» Problem details: Set down only what runs from the line containing "Gabby Gato detalles" through the last line of the data, exactly as it reads.
*** Data supplied Section Begins ***
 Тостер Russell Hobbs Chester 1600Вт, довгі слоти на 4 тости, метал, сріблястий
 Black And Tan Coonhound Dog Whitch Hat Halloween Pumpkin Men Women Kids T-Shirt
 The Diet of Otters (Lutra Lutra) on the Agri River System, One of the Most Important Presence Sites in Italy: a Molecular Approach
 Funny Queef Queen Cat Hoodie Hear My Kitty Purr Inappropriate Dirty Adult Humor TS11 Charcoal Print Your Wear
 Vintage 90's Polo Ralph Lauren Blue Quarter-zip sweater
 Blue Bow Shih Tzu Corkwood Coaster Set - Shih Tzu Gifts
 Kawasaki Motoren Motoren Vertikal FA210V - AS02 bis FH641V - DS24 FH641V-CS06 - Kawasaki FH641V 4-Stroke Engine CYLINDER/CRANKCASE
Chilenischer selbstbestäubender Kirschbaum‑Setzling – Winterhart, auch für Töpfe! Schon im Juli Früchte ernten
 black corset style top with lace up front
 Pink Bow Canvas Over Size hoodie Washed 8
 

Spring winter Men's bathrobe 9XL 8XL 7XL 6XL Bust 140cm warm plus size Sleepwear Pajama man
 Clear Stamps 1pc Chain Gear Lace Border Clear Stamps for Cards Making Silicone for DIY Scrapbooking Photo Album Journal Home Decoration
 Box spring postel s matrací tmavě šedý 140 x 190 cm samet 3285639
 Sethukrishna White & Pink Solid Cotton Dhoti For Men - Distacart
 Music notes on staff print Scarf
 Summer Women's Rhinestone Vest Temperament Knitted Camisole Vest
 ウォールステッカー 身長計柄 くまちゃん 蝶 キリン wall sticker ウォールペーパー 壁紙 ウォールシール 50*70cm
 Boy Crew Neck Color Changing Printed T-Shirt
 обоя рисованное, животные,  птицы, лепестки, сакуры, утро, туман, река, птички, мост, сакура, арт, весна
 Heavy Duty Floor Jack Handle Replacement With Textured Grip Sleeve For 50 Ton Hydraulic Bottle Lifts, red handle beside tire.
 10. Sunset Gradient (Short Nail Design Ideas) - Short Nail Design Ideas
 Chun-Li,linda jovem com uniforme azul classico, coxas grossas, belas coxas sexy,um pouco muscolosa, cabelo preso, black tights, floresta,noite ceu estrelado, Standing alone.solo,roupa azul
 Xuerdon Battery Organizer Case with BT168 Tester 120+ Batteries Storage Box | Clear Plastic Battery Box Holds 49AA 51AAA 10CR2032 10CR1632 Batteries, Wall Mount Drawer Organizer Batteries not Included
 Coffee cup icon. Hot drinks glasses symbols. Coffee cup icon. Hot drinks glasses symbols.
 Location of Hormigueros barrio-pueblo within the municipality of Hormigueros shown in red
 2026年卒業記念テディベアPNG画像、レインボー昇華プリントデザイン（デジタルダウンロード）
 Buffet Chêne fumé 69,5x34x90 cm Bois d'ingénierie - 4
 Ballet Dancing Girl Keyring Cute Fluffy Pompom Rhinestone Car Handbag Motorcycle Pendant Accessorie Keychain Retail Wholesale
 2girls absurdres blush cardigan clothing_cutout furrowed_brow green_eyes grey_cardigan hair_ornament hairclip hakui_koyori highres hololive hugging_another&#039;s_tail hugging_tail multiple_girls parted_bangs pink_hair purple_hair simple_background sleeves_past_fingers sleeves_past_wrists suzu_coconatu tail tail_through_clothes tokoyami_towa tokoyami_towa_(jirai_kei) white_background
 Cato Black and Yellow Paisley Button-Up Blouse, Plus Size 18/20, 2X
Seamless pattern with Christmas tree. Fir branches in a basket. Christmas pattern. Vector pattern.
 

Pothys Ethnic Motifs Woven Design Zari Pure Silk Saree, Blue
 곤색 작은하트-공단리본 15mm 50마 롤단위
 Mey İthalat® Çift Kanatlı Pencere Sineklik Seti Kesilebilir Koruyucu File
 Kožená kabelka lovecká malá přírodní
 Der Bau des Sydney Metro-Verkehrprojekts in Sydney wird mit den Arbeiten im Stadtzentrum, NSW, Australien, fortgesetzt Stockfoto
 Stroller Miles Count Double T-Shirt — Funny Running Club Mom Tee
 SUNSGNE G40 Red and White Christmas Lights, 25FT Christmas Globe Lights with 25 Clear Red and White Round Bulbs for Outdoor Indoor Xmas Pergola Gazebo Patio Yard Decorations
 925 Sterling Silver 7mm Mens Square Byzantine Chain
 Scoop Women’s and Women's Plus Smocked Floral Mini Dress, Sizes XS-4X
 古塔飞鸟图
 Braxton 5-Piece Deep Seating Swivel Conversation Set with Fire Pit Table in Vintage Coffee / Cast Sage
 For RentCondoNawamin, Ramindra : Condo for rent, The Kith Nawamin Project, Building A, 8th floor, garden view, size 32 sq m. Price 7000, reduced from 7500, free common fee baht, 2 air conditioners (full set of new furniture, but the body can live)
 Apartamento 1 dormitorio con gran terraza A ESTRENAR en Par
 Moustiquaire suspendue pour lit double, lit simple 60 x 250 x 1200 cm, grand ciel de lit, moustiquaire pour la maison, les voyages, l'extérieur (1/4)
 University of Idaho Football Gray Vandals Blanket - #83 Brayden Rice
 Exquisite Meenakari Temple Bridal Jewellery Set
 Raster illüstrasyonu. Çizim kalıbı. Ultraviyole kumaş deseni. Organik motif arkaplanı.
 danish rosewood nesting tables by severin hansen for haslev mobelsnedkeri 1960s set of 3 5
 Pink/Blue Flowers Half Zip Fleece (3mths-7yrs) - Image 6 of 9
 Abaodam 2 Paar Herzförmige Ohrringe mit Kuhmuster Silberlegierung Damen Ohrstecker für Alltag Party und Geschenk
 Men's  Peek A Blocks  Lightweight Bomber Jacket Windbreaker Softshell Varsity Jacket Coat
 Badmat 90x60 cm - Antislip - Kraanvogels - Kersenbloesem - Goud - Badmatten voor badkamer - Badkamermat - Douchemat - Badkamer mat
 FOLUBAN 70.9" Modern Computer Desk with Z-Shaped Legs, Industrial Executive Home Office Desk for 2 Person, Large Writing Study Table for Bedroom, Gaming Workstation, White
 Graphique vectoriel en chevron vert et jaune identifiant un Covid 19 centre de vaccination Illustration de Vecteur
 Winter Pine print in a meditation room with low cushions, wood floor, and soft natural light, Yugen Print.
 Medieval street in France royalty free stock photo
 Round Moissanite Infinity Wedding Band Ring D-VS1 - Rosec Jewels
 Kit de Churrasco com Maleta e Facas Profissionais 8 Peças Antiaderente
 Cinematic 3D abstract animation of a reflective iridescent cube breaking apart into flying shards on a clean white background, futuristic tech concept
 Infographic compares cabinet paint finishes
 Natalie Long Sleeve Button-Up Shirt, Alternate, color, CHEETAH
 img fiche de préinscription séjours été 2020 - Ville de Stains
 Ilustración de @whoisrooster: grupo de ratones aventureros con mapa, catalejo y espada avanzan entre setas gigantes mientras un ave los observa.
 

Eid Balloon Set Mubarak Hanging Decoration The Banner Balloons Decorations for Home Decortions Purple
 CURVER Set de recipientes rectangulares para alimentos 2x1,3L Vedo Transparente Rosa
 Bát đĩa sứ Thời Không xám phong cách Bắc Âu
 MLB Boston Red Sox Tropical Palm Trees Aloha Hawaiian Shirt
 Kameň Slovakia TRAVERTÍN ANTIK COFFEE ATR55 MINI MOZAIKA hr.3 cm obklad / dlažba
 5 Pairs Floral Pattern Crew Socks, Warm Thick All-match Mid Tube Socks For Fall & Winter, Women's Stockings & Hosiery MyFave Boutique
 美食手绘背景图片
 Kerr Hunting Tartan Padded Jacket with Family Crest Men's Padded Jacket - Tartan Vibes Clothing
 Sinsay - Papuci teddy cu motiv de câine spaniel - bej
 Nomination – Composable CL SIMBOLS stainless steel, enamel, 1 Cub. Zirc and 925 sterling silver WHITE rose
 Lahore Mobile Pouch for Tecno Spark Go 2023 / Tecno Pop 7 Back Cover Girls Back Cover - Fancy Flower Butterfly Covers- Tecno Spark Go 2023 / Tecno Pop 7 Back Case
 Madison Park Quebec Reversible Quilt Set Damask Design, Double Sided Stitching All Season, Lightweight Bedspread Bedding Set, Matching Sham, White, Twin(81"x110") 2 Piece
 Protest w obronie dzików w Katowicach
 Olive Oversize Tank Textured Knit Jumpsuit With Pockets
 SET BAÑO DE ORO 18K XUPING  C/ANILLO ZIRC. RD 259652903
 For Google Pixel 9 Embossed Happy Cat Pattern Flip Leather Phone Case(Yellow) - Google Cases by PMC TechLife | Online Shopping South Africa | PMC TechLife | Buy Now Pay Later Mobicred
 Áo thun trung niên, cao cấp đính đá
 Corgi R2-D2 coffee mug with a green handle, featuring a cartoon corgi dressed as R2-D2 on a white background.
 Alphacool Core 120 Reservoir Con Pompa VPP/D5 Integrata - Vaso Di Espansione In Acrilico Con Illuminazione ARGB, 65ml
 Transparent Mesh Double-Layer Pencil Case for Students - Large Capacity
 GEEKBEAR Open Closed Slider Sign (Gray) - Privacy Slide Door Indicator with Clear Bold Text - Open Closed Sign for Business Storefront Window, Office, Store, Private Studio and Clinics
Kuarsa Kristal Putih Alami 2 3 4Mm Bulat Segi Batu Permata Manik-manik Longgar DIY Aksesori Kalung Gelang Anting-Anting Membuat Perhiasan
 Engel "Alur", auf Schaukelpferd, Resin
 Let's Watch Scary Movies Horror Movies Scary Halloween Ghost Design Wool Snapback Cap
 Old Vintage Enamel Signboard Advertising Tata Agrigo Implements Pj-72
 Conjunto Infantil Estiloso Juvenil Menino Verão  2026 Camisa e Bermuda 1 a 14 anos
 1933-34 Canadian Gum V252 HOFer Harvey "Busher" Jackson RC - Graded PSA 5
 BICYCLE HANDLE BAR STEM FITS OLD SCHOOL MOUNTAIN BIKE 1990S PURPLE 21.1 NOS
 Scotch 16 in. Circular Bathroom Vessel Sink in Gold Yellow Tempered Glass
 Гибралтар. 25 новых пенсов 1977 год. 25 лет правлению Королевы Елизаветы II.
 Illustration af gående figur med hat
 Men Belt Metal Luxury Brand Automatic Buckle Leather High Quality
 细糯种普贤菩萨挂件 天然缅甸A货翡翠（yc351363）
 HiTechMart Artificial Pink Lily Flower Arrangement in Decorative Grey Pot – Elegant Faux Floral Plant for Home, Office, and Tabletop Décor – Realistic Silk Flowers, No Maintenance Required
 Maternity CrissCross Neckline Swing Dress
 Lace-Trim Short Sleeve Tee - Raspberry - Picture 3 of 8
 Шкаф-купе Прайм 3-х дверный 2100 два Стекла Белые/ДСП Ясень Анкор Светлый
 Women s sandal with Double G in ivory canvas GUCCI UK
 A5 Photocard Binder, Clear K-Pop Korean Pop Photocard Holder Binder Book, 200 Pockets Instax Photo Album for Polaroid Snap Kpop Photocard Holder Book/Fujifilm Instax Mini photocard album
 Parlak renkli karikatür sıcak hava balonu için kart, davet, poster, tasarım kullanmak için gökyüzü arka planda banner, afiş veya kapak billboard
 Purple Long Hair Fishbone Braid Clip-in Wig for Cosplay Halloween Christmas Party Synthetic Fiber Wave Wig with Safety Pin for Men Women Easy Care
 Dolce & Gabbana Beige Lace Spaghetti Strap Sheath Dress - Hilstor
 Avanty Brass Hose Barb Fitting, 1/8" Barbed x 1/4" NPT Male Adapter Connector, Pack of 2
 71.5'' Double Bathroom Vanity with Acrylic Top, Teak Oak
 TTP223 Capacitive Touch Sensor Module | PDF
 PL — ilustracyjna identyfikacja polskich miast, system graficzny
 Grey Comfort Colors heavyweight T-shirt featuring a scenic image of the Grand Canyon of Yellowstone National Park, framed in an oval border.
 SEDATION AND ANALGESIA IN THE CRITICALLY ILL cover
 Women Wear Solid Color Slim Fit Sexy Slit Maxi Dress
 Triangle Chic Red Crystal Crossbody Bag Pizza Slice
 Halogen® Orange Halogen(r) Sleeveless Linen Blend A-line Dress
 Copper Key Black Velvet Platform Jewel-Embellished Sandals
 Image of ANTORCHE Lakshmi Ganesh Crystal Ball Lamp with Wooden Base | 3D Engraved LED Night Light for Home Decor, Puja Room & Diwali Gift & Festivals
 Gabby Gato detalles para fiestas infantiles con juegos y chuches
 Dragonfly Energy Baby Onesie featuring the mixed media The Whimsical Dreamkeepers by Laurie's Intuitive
*** Data supplied Section Ends ***
» Solution below:
 Gabby Gato detalles para fiestas infantiles con juegos y chuches
 Dragonfly Energy Baby Onesie featuring the mixed media The Whimsical Dreamkeepers by Laurie's Intuitive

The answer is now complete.